Des académiciens marocains et étrangers ont débattu, mercredi à Rabat, des entraves limitant l’efficacité de la fonction d’évaluation des lois par les institutions législatives et les moyens de son amélioration.
Intervenant dans le cadre du “Séminaire sur l’évaluation des lois par l’Institution parlementaire”, organisé, deux jours durant, par le Parlement marocain, l’Assemblée parlementaire du Conseil de l’Europe (APCE) et la Commission européenne pour la démocratie par le droit (Commission de Venise), les participants ont présenté des expériences nationales et internationales en matière d’évaluation des lois, tout en proposant des recommandations à même de surmonter ces difficultés.
Ainsi, Aziz Saidi, professeur de droit public à l’Université Sidi Mohammed ben Abdellah de Fès, a souligné que dans la pratique, la prérogative d’évaluation des lois par le parlement ne s’effectue pas de la manière escomptée sur le plan théorique, eu égard à plusieurs considérations d’ordre juridique mais aussi politique intrinsèque à la sphère parlementaire, citant deux problématiques fondamentales, en l’occurrence la non promulgation de textes réglementaires d’une loi et l’insuffisance des mécanismes d’évaluation parlementaire.

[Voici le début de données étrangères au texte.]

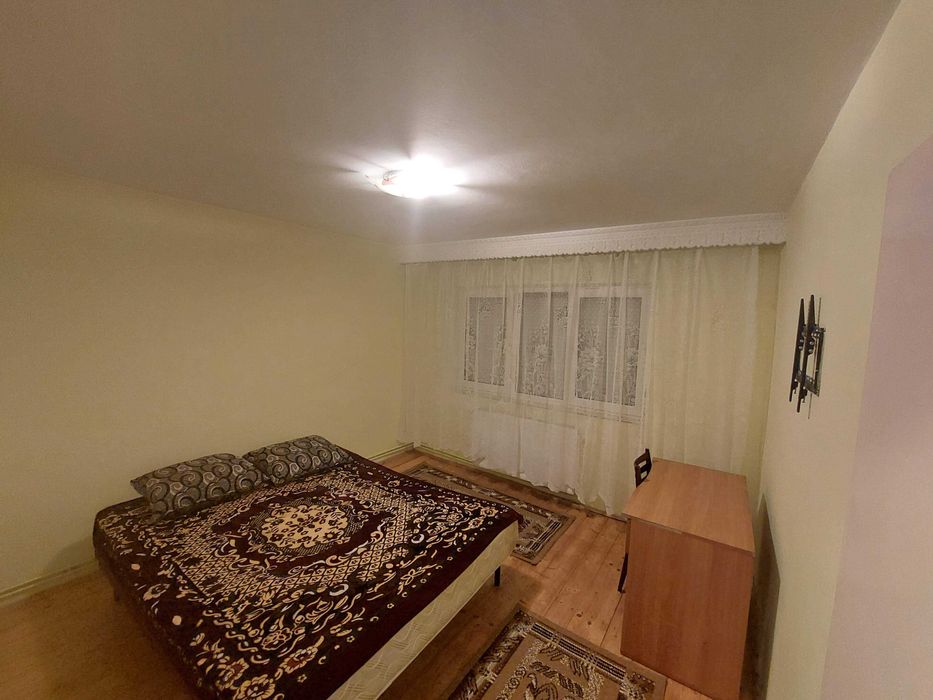 Inchiriez apartament 2 camere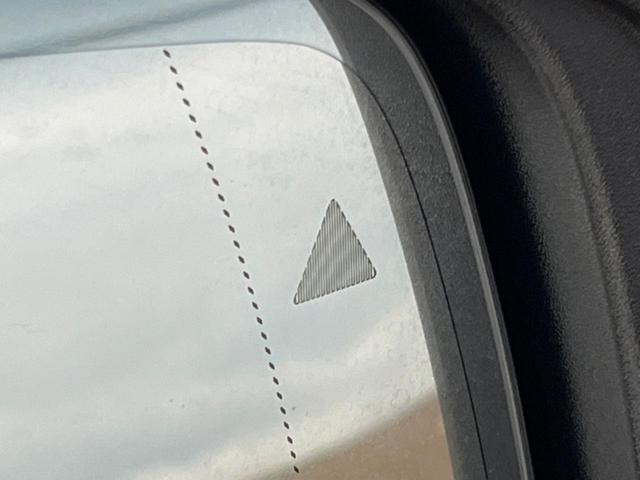 ジープ・グランドチェロキー リミテッド　純正ナビ　地デジ　リアビューカメラ　アダプティブクルーズコントロール　ブラインドスポットモニター　ベンチレーション　純正１８インチアルミ　パワーバックドア　ＨＩＤヘッドランプ　ＡＬＰＩＮＥ製サウンド（6枚目）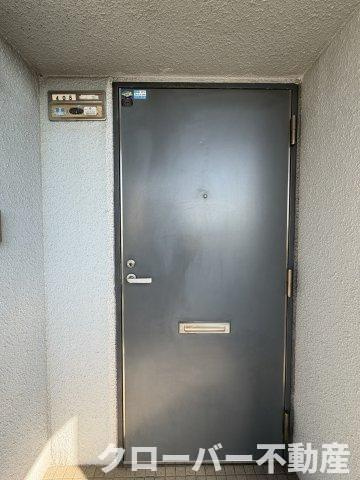ダイヤハイツの玄関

M. Saidi a pointé le retard accusé dans la mise en oeuvre de certaines lois, dont la loi organique relative à l’exception d’inconstitutionnalité, la loi relative aux droits d’auteur et droits voisins et la loi relative à l’Autorité de la parité et de lutte contre toutes les formes de discrimination, notant que le retard dans la mise en œuvre de certaines lois s’explique par l’incapacité de produire les textes réglementaires y afférents dans les délais impartis, ainsi que par le fait que le Parlement n’a pas les moyens d’obliger le gouvernement à mettre en œuvre une loi spécifique.
A cet effet, l’universitaire a appelé à créer une commission spéciale au parlement pour suivre la mise en œuvre des lois et à fixer des dates précises pour la promulgation des textes réglementaires des lois, outre l’introduction dans ces lois de dispositions relatives à l’évaluation, le renforcement de la coopération entre les acteurs dans le domaine de la législation, tout en permettant au parlement de participer à l’élaboration des textes réglementaires.
Il a également plaidé pour renforcement des mécanismes consultatifs à travers l’implication des institutions de gouvernance telles que la Cour des Comptes et le Conseil Economique, Social et Environnemental afin de bénéficier de leurs expériences.
Pour sa part, Karine Gilberg, Professeur de droit à l’Université de Nanterre, Catherine Gilberg, a passé en revue l’expérience de la France en matière d’évaluation des lois et son impact sur la production et l’efficacité des textes législatifs, soulignant que durant la période entre 2008 et 2020, plus de 600 lois ont été adoptées, dont 105 ont fait l’objet d’une post-évaluation par le parlement (282 opérations d’évaluation).
Cette action a donné lieu à des recommandations concernant 74 lois, dont 45 ont été amendées, a ajouté Mme Gillberg qui fait état, néanmoins, de plusieurs obstacles dans le système français, pouvant entraver la réalisation de la fonction d’évaluation parlementaire.
Elle a souligné, à cet égard, la nécessité d’unifier les processus d’évaluation qui sont menés en France par de nombreuses institutions et selon différentes méthodologies (gouvernement, parlement, autorité d’audit, Inspections Générales des ministères etc.), sans compter la présence d’un certain nombre de dispositions d’évaluation dans les textes législatifs.
Ce séminaire vise à mettre en lumière des sujets vitaux pour l’élaboration d’une législation de qualité et à renforcer les capacités des parlementaires, des fonctionnaires des Chambres des représentants et des conseillers dans le domaine de l’évaluation des lois.
Il est organisé dans le cadre des programmes “Appui au mécanisme national de prévention contre la torture (NPM)” et ”renforcement du rôle du Parlement dans la consolidation de la démocratie au Maroc 2020-2024”, financés par l’Union européenne et mis en œuvre par le Conseil de l’Europe, avec le soutien du programme ”Protéger les droits de l’homme, l’État de droit et la démocratie par des normes partagées dans le sud de la Méditerranée” (Programme Sud V).